Speaking of Rantenan, it would be negligent to discount the effect that his vocals have on this set of songs. The nihilistic quality of his ghoulish, snarled utterances and mythologically tinged lyric sheet is perfectly tuned to turn a spine into an icicle as the rest of the instrumentation promptly shatters it. If anyone has seen
The Day After Tomorrow when the super storm funnels that super-chilled air downward through its eye and proceeds to freeze any exposed surface on ground, that's the type of Arctic blast that Rantenan's voice embodies.

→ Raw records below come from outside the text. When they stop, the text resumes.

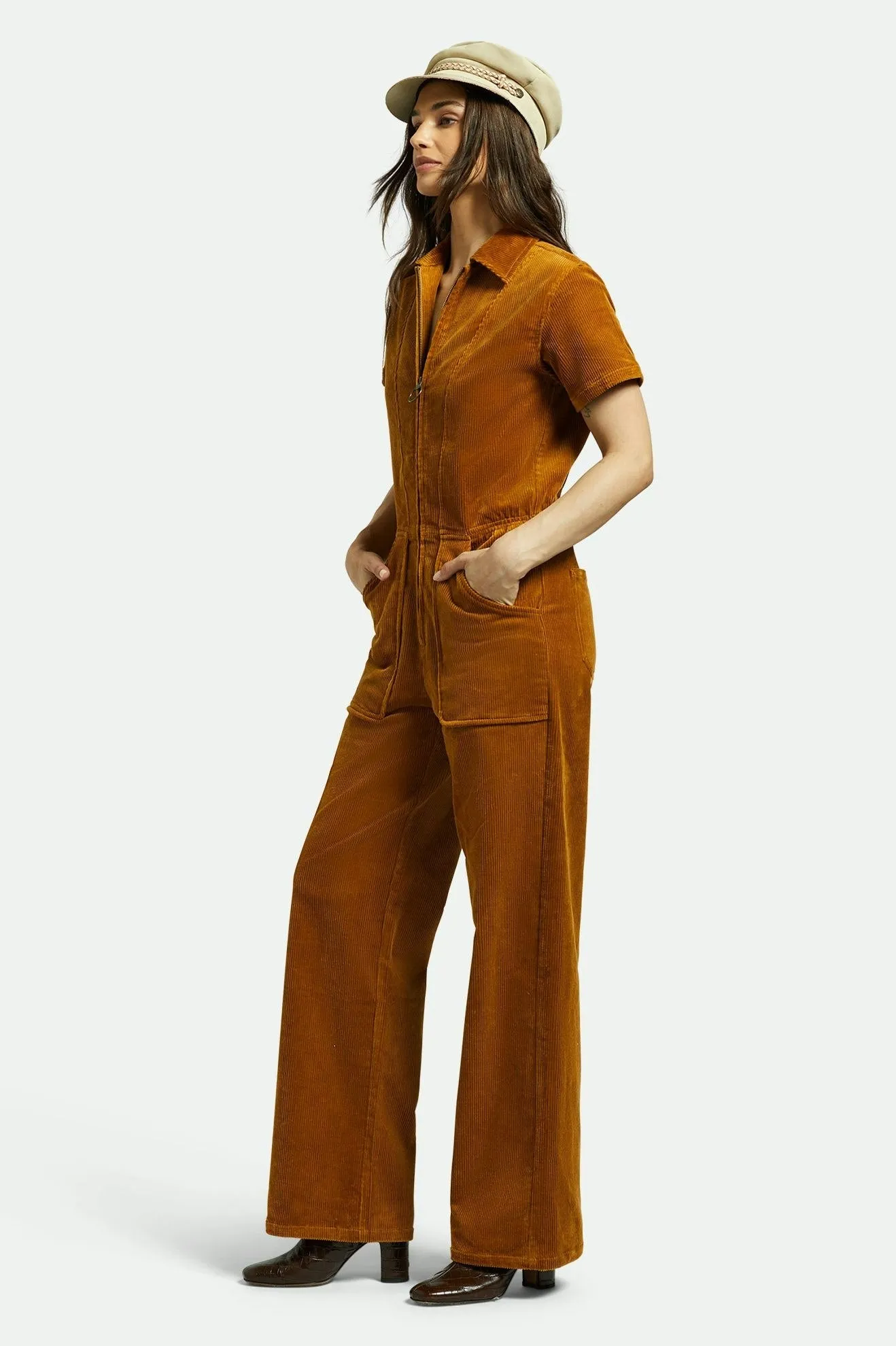 Utility Jumpsuit - Golden Brown Cord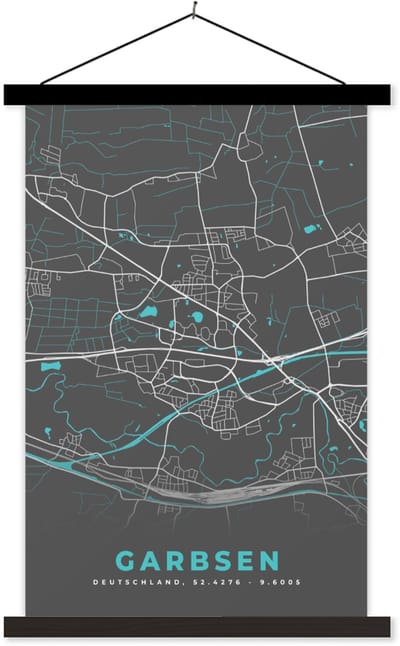 Posterhanger incl. Poster 60x90 cm - Schoolplaat - Blauw – Duitsland – Plattegrond – Gold – Stadskaart – Kaart – Garbsen - Textielposter - Zwarte latten - Stadskaart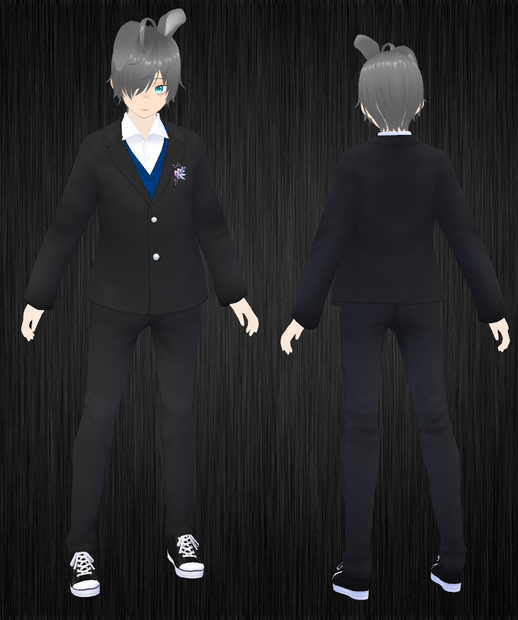 Blue - Black Flower Suit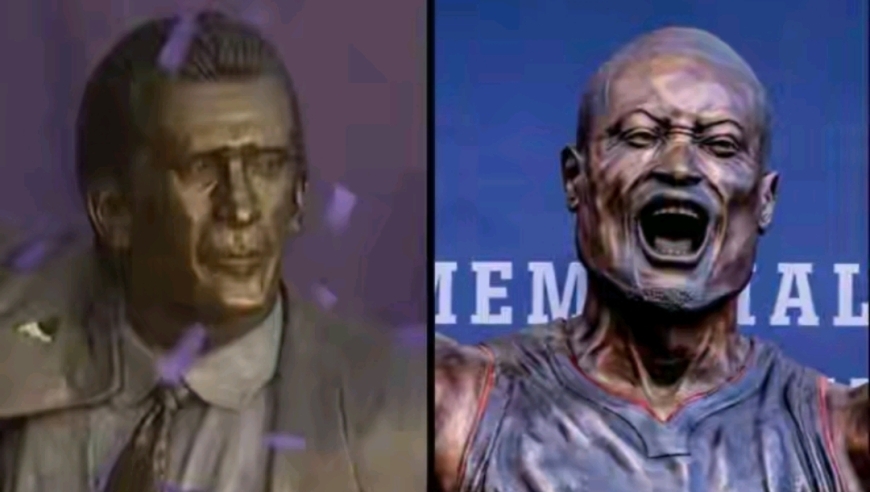 没有对比就没有伤害，莱利湖人雕像精致又好看，韦德雕像不忍直视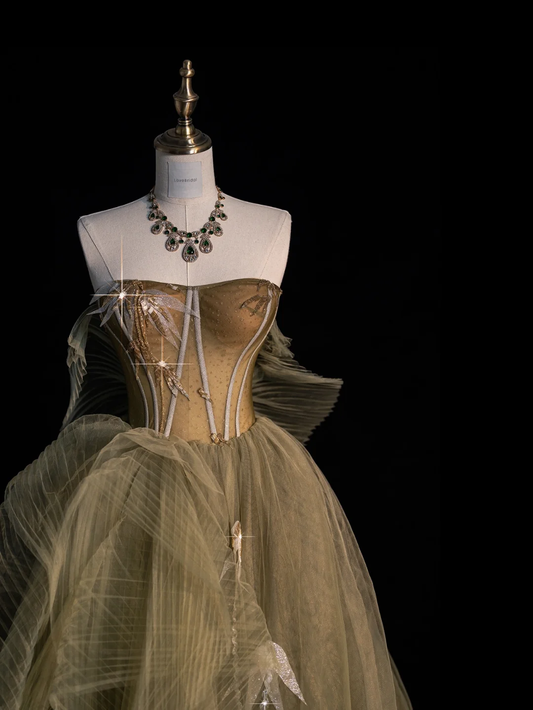 Elegant Green Strapless A-Line Tulle Long Formal Evening Party Dress, DP5358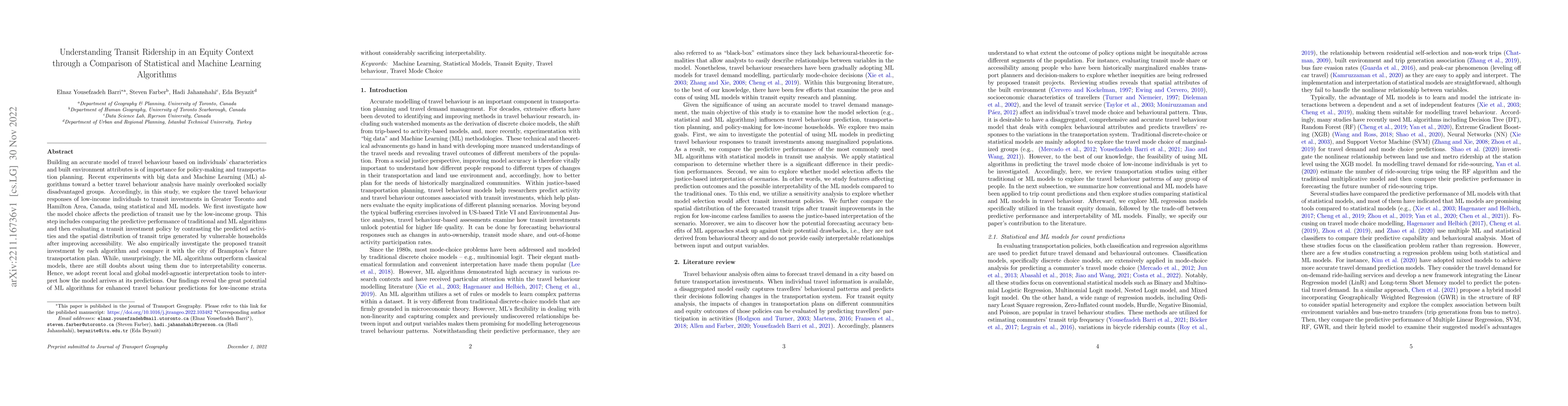 Thumbnail for Understanding transit ridership in an equity context through a
  comparison of statistical and machine learning algorithms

This album is the sound of the gods unleashing their angry wrath on the planet, as massive avalanches come down from the highest mountain peaks and towering tsunamis rise from below, decimating everything in sight.
Psychostasia is a recording that conjures up many contradictions, being highly catchy, but also highly unorthodox and blazing along on a fiery trail while simultaneously freezing Satan's popsicles (they really are quite delicious). It is the type of album that you seclude yourself in a cabin deep in the woods during the winter time with no sunlight poking through and dive into its depths over and over again. Adramelech display such pronounced musicianship and songwriting ability here that they patently pussify many other death metal rehashes that spam repeated ideas like untreated water through the Ganges.
Psychostasia is an absolute essential in any death metal collection, it slays for f*cking days™.